*How to complete this task*
Transcribe every line of the material below without change, apart from dropping the pictures.

------ Given material ------

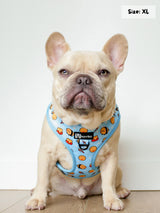 Adjustable Dog Harness - Honeybee (SECONDS - FINAL SALE)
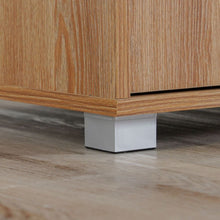 DANUBE | Beak 30-Pair Shoe Cabinet | 813200100069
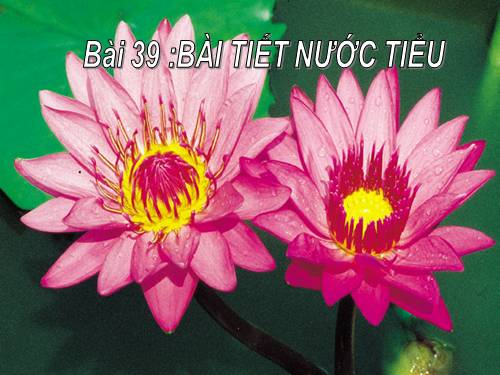 Bài 39. Bài tiết nước tiểu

------

*Exercise answer*
 Adjustable Dog Harness - Honeybee (SECONDS - FINAL SALE)
 DANUBE | Beak 30-Pair Shoe Cabinet | 813200100069
 Bài 39. Bài tiết nước tiểu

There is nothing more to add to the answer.